Фридрих Дюрренматт - Собрание сочинений. В 5 томах. Том 1. Рассказы и повесть
Он очутился на необъятном чердаке, почти на гумне — над головой сплетение балок на разном уровне. Всюду стояли негритянские идолы, лежали груды холстов, пустые рамы, скульптуры — проволочные каркасы диковинной формы, над раскаленной железной печкой подымалась неимоверно длинная, причудливо изогнутая труба, тут же валялись винные и водочные бутылки, мятые тюбики с красками, пузырьки и кисти. По чердаку бегали кошки, а на полу и на стульях громоздились горы книг. Посредине у мольберта стоял Пассап в халате; когда-то давно халат был, по-видимому, белый, сейчас он был сплошь заляпан красками. Пассап колдовал шпателем на холсте, изображавшем параболы и эллипсы, а против него, у печки, на расшатанном стуле, сцепив руки на затылке, позировала жирная девица с длинными светлыми волосами; она была совершенно голая; член всемирного церковного совета окаменел (ведь он первый раз в жизни видел голую женщину), он боялся дохнуть.
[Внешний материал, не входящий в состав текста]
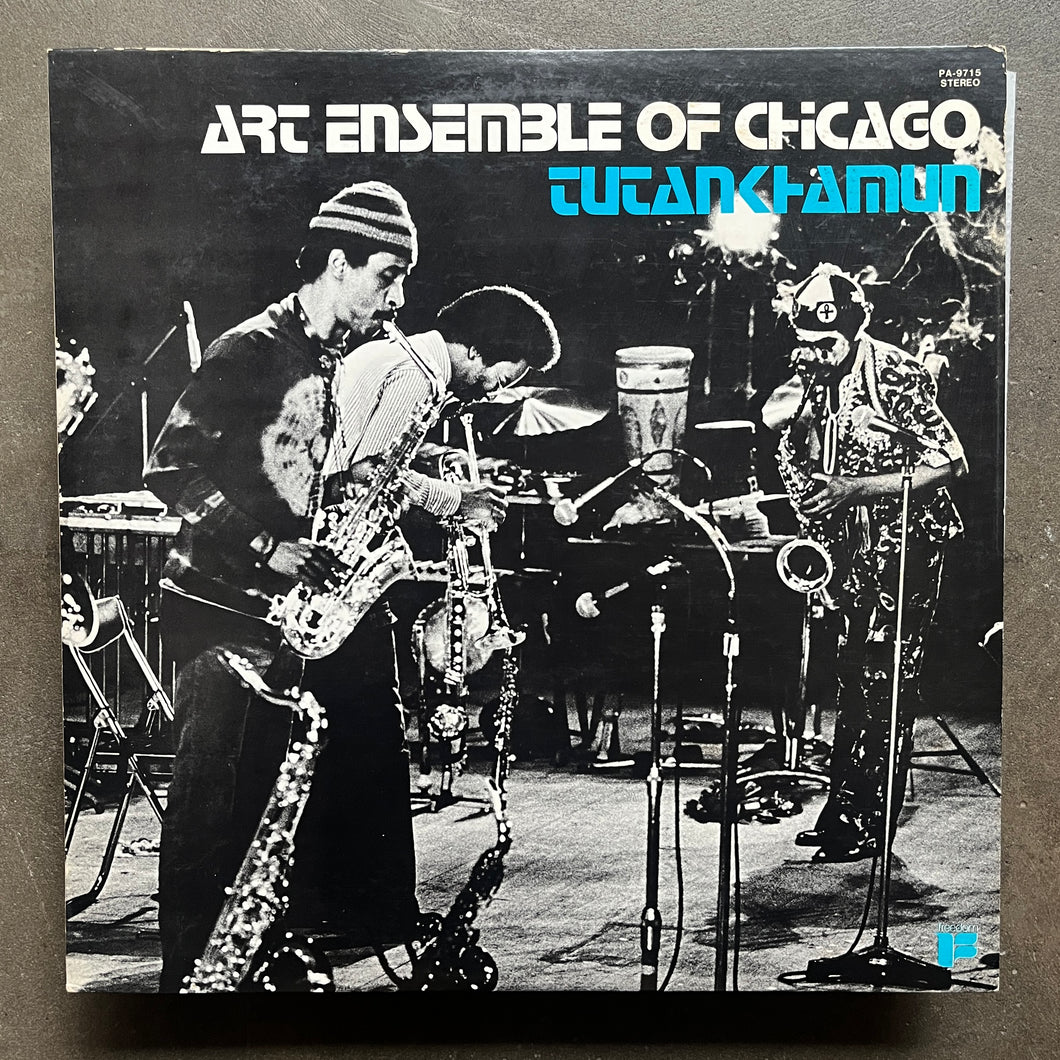 Art Ensemble Of Chicago – Tutankhamun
— Кто вы такой? — спросил Пассап.
Архилохос представился, хотя вопрос живописца его несколько удивил, ведь не далее как в воскресенье тот сам с ним поздоровался.
— Что вам надо?
— Вы написали мою невесту Хлою обнаженной, — с трудом произнес грек.
— Вы говорите о картине «Венера, 11 июля»? Вывешена в галерее Пролазьера?
— Да.
— Одевайся, — приказал Пассап натурщице, и та исчезла за ширмой. Потом он с трубкой в зубах долго и внимательно разглядывал Архилохоса, дым таял где-то под крышей в нагромождении балок. — Ну и что?
— Сударь, — с большим достоинством начал Архилохос, — я почитатель вашего таланта, с восхищением следил я за вашими успехами, вы даже шли номером четвертым в моем миропорядке.
— Какой миропорядок? Что за чушь! — сказал Пассап, выдавливая на палитру целые горы красок (кобальт и охру).
— Я составил список самых достойных представителей нашей эпохи, список людей, которые служат для меня моральной опорой.
— Ну, а дальше?
— Сударь, несмотря на все то уважение и восторг, которые вы у меня вызываете, я вынужден просить объяснений. Не так уж часто, по-моему, случается, что жених видит на картине свою невесту обнаженной, в облике Венеры. Даже если мы имеем дело с абстрактной живописью, тонко чувствующий человек всегда угадывает натуру.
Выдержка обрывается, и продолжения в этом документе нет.